Jamaica's Office of Utilities Regulation (OUR) 2010 Generation Expansion Plan compared three scenarios for the expansion of Jamaica's fossil-energy system through 2030 - a natural-gas scenario, a coal and natural-gas scenario, and a business-as-usual (heavy fuel-oil) scenario - and found that the natural-gas strategy would cost the least (US$5.77 billion versus US$5.85 billion for the coal and gas scenario and US$8.18 billion for the business-as-usual scenario). This year, with requests for proposals announced for both the terminal and the LNG to supply it, this strategy has begun to take on a definite shape.

Reducing costs

According to the terms of the request for proposal, the terminal would have an initial capacity of 0.8 million tonnes of LNG per year (mpta), the estimated firm demand from the country's power generation and bauxite/aluminum production sectors. In particular, the main customers during the terminal's first phase would be the Jamaica Public Service Company (JPS), the country's major power utility; Jamaica Energy Partners (JEP), an independent power producer; and Jamalco, a bauxite and aluminium company.

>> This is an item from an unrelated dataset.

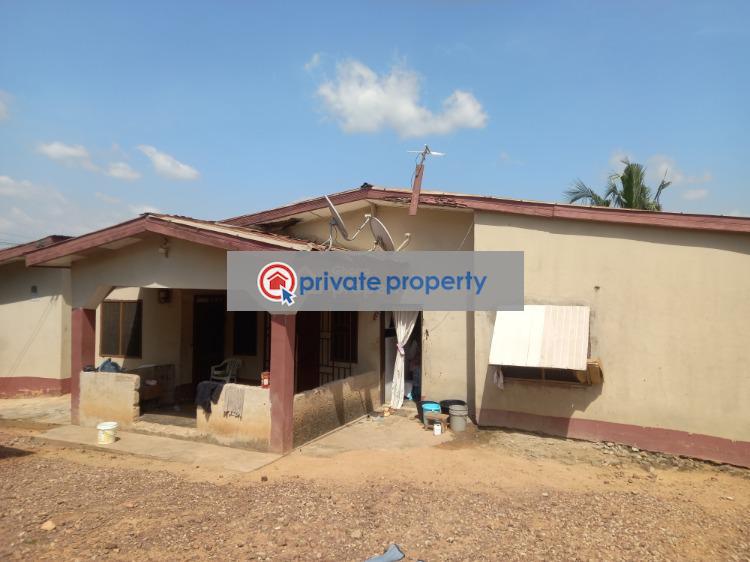 5 bedroom House For Sale &nbsp;meduma After Tafo Pankrono. Kumasi Metropolitan Ashanti - 2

For these companies, some of the largest energy consumers on the island, switching from heavy fuel oil to LNG could mean a significant reduction in costs. And, since LNG also burns more cleanly than heavy fuel oil, Jamaica is also hoping that fuel switching will deliver environmental benefits.

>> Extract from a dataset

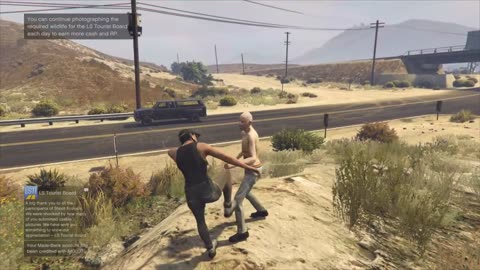 GTA 5 - I've Never Seen This Before Just Got Attacked For No Reason By This NPC ... LOL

Desire for greater environmental sustainability and fuel diversity is also increasing interest in renewable energy, an intersection Worldwatch is analysing through its Energy Roadmaps for the Caribbean project. But despite its interest in wind, hydro, and solar energy, the Jamaican Government seems to be betting more heavily on LNG.

According to a recent statement by Minister of Energy and Mining Clive Mullings, the Government of Jamaica hopes that new LNG supplies and renewable energy sources can meet at least 42 per cent and 20 per cent, respectively, of the country's energy by 2030. For comparison, natural gas currently accounts for zero per cent, and renewable energy, five per cent.

Viable alternative

Whether construction of the offshore regasification terminal will meet opposition on the basis of risks to aquatic wildlife and the environment, as similar projects have encountered in the United States, remains to be seen. Nevertheless, as long as the price differential between LNG and heavy fuel oil remains large (the OUR Generation Expansion Plan cites the US Energy Information Administration for prices of US$12.10/million Btu for heavy fuel oil and US$4.88 for natural gas in 2010), it is likely that many Caribbean nations that currently depend on oil imports may be tempted to consider switching to natural gas.

The Dominican Republic already has an LNG import terminal, which it uses to power a 304 megawatt gas-fired combined cycle power plant - a plant that has saved the country US$800 million since 2003 by replacing electricity that would have been generated from imported heavy fuel oil, according to its operator.

Yet while LNG may be a more appealing alternative to heavy fuel oil and certainly coal, these island nations will have to consider carefully whether the significant capital investment that the construction of import terminals entails might lock their energy systems into dependence on another imported fossil fuel at the expense of domestically produced renewable energy.